The Disquieting Muses: An Evening of Poetry Inspired by de Chirico

 

April 10, 2017

In celebration of National Poetry Month, join us Monday April 10 for a special evening of ekphrastic poetry* inspired by Giorgio de Chirico, subject of the current exhibition at the Center for Italian Modern Art. De Chirico’s painting Le Muse Inquietanti (The Disquieting Muses) of 1918, in particular — now on view at CIMA — inspired works by both Sylvia Plath and Mark Strand.

Poet Mark Wunderlich will read Sylvia Plath’s poems inspired by de Chirico’s paintings as well as a new work composed for the occasion. Jessica Strand will read Mark Strand’s poems inspired by de Chirico and speak of the role of art in her late father’s work.
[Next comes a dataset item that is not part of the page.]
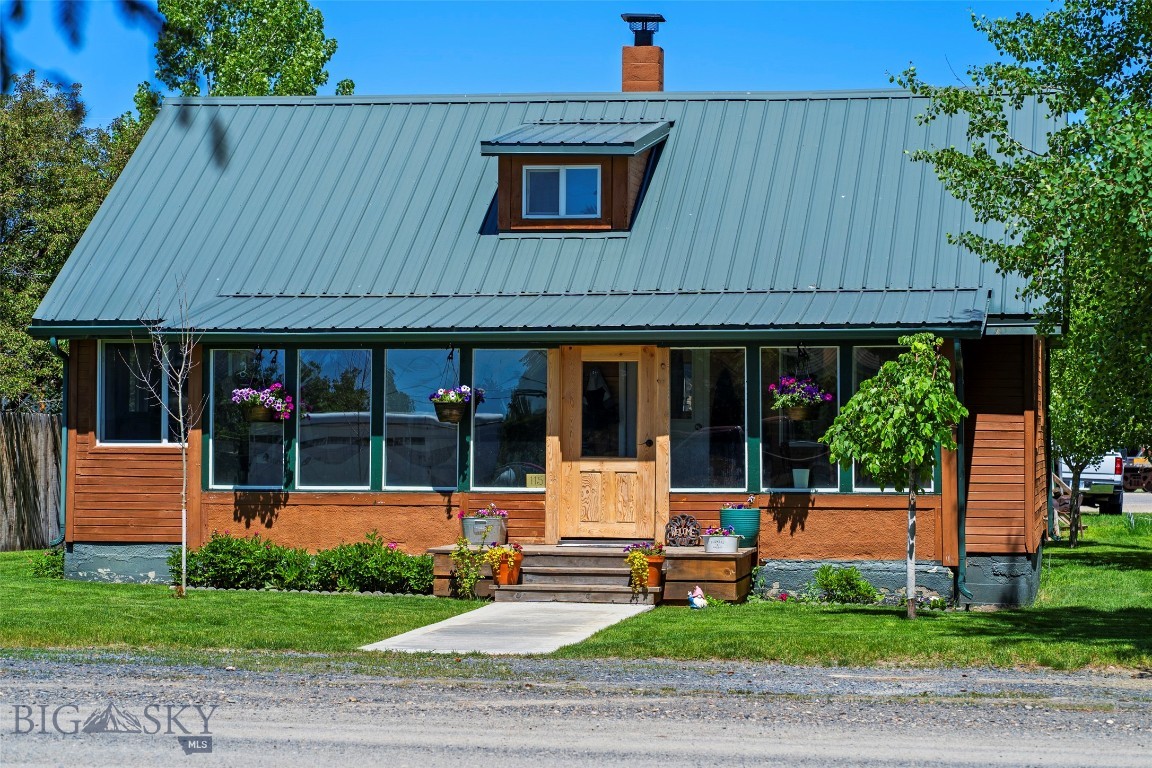 115 Center Property Photo 62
And poets Michael Dumanis and Mary Jo Bang will also read work inspired by de Chirico’s paintings.

*ekphrastic poetry is writing created in response to works of art.

Presented in collaboration with the Civitella Ranieri Foundation and with the generous support of the Maurice English Poetry Award.
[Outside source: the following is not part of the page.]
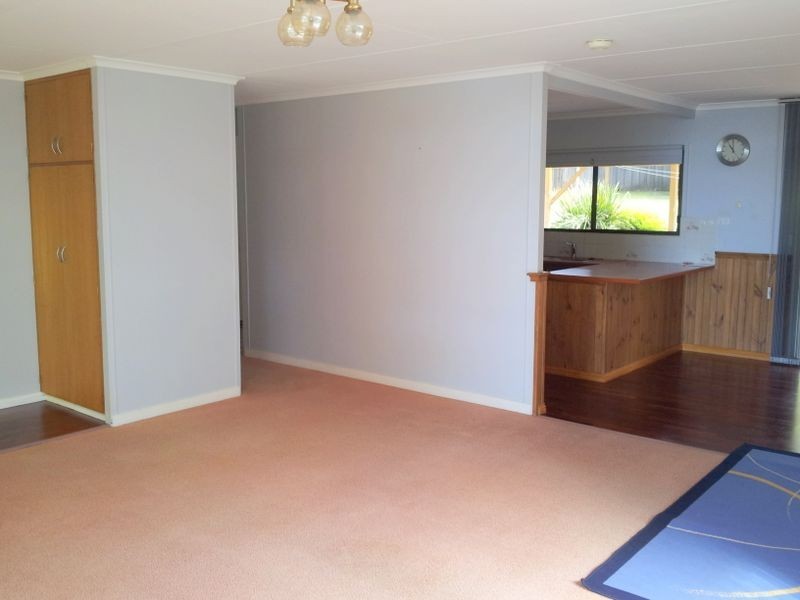 7 Yallaroo Drive, Blackmans Bay TAS 7052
Mary Jo Bang is the author of seven collections of poems, including Elegy, which received the National Book Critics Circle Award. Her translation of Dante’s Inferno, illustrated by Henrik Drescher, was published in 2012. She teaches at Washington University in St. Louis.

Michael Dumanis is the author of the poetry collection My Soviet Union (University of Massachusetts Press), winner of the Juniper Prize for Poetry; and coeditor of the anthology Legitimate Dangers: American Poets of the New Century (Sarabande). His writing has appeared in the Academy of American Poets’ Poem-a-Day Project, The Believer, Boston Review, LitHub, New England Review, Ploughshares, and numerous other print and online journals, and has been recognized with fellowships and residencies by the Civitella Ranieri Foundation, Yaddo, the Ohio Arts Council, and others. He teaches literature and creative writing at Bennington College, and serves as Editor of the print literary journal Bennington Review.

Jessica Strand is a writer and cultural programmer/producer. At The New York Public Library, she produced extensive programming involving the libraries collections, outside partnerships, and created a marquee show Books at Noon, where she interviewed authors about their most current work.  Previously she reinvented the Strand Bookstore event series, producing dialogues between writers, artists, cartoonists, musicians, and cultural figures.  A collection of these conversations has been published in an anthology, Upstairs at the Strand (Norton, 2016). Since the election, she has created Dear America…, an organization that through programming brings artists, writers, and advocates for social justice together to express our diversity and encourage a dialogue that unites us as a country. She recently curated an anthology of poems called Love Found, which will be published by Chronicle Books in February 2018.

Mark Wunderlich is the author of three volumes of poetry, the most recent of which is The Earth Avails, published by Graywolf Press in 2014 and which received the Rilke Prize.  He teaches writing and literature at Bennington College and lives in New York’s Hudson Valley.